As we noted the other day, oral proceedings took place and soon came media coverage from patent-centric news sites. WIPR wrote:

Today, the US Supreme Court will hear oral arguments in WesternGeco v Ion Geophysical, a case concerning lost patent profits occurring outside the US. WIPR outlines the key issues and what’s at stake.

[...]

Ron Cahill, chair of law firm Nutter McClennen & Fish’s IP litigation practice group, explained that the key issue is whether US patent damages are available even where the infringing device is made and sold outside the US.

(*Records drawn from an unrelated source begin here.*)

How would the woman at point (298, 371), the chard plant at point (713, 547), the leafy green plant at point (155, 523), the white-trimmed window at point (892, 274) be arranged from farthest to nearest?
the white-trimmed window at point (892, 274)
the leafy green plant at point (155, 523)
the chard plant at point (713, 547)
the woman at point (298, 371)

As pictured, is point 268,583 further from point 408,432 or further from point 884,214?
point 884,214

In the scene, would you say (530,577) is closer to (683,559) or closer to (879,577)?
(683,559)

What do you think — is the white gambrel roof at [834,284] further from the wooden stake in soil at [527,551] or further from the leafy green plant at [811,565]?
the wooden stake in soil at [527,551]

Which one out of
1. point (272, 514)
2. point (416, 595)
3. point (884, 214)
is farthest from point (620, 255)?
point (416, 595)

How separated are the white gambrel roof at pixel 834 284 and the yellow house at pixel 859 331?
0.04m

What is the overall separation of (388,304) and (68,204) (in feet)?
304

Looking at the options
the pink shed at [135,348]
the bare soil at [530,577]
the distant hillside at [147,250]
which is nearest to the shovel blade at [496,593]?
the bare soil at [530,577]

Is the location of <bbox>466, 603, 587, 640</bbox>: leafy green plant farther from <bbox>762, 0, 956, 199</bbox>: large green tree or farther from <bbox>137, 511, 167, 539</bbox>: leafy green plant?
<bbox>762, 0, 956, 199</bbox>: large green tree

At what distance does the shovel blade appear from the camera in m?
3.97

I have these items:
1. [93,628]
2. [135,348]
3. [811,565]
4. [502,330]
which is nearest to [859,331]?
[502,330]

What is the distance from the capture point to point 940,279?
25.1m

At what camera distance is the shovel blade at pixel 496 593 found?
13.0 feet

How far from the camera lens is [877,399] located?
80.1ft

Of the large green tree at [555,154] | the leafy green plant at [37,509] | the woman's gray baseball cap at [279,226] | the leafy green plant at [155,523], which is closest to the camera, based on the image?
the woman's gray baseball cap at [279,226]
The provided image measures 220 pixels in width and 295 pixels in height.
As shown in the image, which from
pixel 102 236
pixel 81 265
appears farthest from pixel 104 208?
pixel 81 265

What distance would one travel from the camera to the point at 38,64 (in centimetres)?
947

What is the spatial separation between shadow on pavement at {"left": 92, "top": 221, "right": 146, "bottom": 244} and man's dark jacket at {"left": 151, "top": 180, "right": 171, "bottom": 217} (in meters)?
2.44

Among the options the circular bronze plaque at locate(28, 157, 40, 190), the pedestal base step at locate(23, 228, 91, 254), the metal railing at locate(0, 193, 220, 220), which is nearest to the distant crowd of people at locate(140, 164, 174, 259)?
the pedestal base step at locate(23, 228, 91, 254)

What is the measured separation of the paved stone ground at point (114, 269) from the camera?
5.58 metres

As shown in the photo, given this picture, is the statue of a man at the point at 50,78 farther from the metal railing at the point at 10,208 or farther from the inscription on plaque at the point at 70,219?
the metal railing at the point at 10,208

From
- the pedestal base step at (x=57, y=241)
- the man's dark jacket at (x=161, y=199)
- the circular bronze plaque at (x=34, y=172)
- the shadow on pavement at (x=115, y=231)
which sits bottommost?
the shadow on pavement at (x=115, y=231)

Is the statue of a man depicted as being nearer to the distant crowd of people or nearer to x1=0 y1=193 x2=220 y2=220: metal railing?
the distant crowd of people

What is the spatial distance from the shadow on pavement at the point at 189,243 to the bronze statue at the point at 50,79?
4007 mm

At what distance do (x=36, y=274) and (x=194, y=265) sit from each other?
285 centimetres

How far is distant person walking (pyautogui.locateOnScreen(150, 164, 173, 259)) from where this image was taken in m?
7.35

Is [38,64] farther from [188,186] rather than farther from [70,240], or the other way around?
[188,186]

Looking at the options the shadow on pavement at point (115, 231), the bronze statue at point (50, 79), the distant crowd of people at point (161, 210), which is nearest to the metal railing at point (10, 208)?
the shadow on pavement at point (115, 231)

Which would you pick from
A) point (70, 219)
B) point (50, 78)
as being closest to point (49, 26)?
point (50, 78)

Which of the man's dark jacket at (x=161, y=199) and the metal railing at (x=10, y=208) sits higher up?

WesternGeco, a subsidiary of global oilfield services company Schlumberger, has asked the Supreme Court to consider whether the US Court of Appeals for the Federal Circuit erred in finding that lost profits arising from prohibited combinations occurring outside the US are unavailable in cases where patent infringement is proven.

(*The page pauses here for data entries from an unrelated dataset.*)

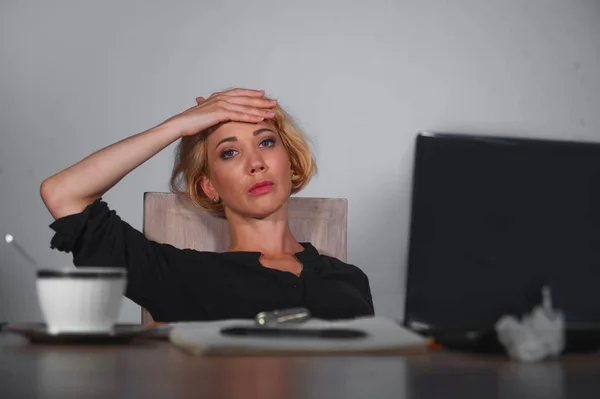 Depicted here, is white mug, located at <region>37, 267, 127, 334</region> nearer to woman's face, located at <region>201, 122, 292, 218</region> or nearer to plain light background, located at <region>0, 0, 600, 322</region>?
woman's face, located at <region>201, 122, 292, 218</region>

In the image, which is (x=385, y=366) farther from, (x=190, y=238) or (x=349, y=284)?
(x=190, y=238)

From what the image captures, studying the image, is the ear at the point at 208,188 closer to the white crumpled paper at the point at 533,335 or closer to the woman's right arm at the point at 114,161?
the woman's right arm at the point at 114,161

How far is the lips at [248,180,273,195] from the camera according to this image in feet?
6.21

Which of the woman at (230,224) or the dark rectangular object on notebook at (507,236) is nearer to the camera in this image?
the woman at (230,224)

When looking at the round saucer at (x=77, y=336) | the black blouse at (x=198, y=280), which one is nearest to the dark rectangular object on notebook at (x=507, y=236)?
the black blouse at (x=198, y=280)

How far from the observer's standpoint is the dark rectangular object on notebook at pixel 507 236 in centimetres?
221

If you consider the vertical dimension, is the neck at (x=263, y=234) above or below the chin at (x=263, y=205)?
below

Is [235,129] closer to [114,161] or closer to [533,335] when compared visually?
[114,161]

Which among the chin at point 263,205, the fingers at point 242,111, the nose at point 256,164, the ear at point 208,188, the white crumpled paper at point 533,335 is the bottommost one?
the white crumpled paper at point 533,335

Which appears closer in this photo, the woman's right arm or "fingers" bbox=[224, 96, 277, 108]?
the woman's right arm

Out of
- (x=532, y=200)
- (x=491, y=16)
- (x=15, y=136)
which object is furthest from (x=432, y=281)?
(x=15, y=136)

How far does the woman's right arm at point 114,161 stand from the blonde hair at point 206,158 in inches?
6.2

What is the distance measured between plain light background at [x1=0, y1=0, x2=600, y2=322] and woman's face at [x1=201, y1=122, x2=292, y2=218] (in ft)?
2.84

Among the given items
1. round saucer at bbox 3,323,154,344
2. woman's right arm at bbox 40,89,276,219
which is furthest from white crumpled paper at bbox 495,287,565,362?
woman's right arm at bbox 40,89,276,219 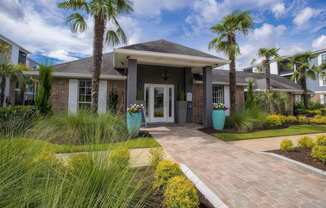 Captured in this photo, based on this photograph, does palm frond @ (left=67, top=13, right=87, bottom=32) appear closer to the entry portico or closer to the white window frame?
the entry portico

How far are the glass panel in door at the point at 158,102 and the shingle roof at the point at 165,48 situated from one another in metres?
2.84

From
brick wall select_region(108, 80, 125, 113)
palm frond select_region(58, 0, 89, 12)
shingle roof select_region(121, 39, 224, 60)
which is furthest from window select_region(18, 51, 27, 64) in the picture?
shingle roof select_region(121, 39, 224, 60)

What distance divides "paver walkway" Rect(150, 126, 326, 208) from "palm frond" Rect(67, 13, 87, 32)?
285 inches

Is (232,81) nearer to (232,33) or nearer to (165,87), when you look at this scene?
(232,33)

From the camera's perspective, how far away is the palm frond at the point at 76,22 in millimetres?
8170

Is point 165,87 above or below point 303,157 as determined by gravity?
above

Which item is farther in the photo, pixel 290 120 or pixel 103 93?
pixel 290 120

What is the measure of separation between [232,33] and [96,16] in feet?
25.2

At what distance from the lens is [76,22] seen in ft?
26.8

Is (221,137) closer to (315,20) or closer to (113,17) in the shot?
(113,17)

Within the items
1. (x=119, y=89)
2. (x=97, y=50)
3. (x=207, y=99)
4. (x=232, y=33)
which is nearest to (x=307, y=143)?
(x=207, y=99)

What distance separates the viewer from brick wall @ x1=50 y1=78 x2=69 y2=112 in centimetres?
1061

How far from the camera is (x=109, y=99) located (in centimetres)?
1114

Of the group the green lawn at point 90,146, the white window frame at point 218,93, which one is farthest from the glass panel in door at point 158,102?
the white window frame at point 218,93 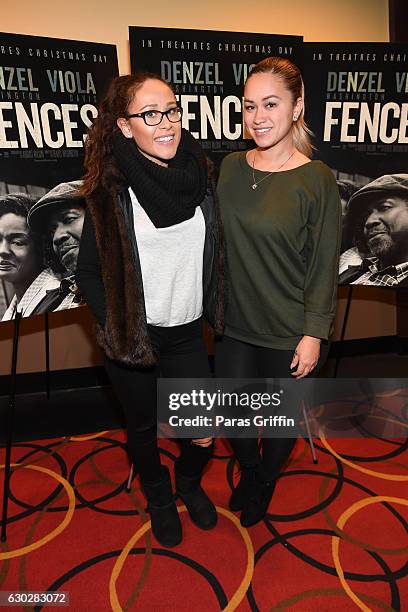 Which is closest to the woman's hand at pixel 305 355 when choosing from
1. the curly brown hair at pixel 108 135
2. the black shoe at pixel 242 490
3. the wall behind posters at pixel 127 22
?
the black shoe at pixel 242 490

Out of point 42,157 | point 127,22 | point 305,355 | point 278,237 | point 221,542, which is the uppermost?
point 127,22

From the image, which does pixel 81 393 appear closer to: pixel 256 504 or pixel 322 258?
pixel 256 504

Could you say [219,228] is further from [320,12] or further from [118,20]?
[320,12]

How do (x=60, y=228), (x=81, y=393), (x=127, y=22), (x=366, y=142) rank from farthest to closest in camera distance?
(x=81, y=393)
(x=127, y=22)
(x=366, y=142)
(x=60, y=228)

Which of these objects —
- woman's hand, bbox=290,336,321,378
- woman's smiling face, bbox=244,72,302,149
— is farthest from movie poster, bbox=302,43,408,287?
woman's hand, bbox=290,336,321,378

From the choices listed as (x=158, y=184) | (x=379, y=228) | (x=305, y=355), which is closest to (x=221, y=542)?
(x=305, y=355)

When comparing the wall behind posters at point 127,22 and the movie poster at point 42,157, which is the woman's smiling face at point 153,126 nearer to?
the movie poster at point 42,157

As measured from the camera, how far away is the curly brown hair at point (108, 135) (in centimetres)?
128

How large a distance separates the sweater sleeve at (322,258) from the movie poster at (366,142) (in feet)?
2.71

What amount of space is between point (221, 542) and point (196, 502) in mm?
166

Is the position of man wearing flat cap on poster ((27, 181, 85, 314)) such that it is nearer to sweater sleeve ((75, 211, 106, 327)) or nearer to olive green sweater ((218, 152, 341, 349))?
sweater sleeve ((75, 211, 106, 327))

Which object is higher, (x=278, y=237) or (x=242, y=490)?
(x=278, y=237)

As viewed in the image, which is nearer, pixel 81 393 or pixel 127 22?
pixel 127 22

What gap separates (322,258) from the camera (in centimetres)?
136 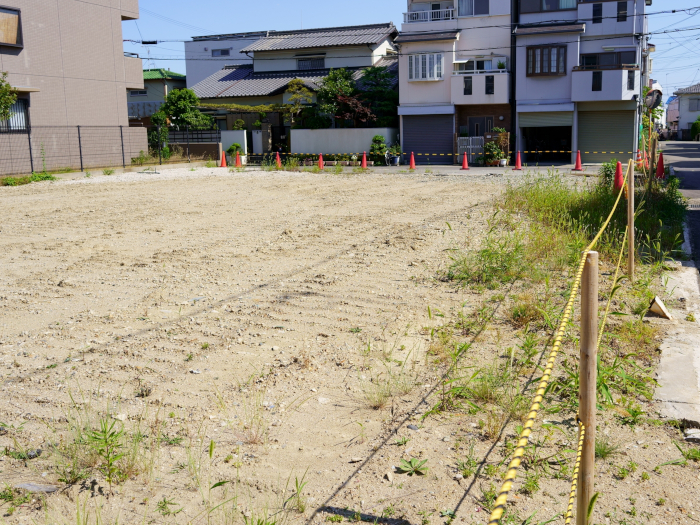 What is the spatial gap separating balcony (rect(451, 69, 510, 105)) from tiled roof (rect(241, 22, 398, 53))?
8.02 metres

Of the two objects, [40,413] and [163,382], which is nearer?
[40,413]

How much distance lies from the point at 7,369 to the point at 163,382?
4.30 feet

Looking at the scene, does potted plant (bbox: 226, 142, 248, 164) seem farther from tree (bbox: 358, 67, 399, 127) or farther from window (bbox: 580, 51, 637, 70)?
window (bbox: 580, 51, 637, 70)

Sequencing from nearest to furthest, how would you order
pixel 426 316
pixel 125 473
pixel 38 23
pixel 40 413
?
1. pixel 125 473
2. pixel 40 413
3. pixel 426 316
4. pixel 38 23

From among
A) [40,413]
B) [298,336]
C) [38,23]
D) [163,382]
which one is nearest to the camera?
[40,413]

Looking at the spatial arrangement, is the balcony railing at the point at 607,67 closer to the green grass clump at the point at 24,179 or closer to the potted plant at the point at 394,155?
the potted plant at the point at 394,155

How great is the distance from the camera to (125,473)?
374cm

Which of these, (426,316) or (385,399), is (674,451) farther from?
(426,316)

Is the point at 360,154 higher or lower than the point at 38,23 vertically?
lower

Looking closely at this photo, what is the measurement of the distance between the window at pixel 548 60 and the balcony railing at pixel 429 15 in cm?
497

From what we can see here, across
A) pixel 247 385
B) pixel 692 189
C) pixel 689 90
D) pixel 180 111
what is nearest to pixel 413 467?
pixel 247 385

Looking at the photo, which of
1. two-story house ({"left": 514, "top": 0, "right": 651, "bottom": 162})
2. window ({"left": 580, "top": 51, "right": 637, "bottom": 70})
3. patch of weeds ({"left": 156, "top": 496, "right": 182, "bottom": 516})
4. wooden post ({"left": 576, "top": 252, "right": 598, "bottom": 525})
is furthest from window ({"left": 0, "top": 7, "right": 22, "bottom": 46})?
wooden post ({"left": 576, "top": 252, "right": 598, "bottom": 525})

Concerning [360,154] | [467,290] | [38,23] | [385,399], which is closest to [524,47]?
[360,154]

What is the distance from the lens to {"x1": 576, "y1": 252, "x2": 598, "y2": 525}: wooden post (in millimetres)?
2871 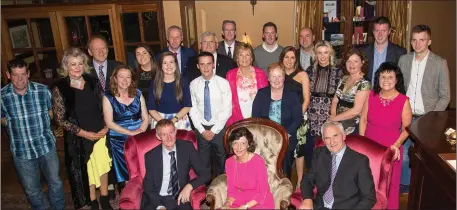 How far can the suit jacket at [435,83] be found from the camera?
3.72 meters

Dennis Crouch expects the CAFC’s ruling to be overturned. In his own words:

In my view, the Supreme Court is quite likely to overturn the Federal Circuit’s limitation on lost profit damages and hold instead that Section 284 allows for full compensation for all forms of infringement. The key analogy that may well have won the day is that of the hypothetical French Tourist injured while visiting the US and left unable to work. Under ordinary U.S. tort law, the tourist would still be able to collect full damages even though the job-loss is in France. Likewise, according to petitioner and USGov’t, the US patent infringement act (export) should lend itself to full compensatory damages. That said, I expect for the Supreme Court’s opinion to place additional language on the meaning of proximate cause that may eventually force the Federal Circuit to tighten its doctrine in that area.

Here is another site of the patent microcosm commenting on it some hours ago:

In WesternGeco v Ion Geophysical, the Supreme Court seems prepared to overturn the Federal Circuit’s decision to limit lost profit damages abroad in the case of domestic infringement based on the presumption against extraterritoriality

The Supreme Court heard both WesternGeco’s and Ion’s arguments on April 16 in a case involving lost profit damages.

We can’t stress strongly enough that this case has little or no impact on the subjects we’re covering. Having said that, it’s valuable in showing where SCOTUS (now with the enigma that is Justice Gorsuch) stands on patent matters.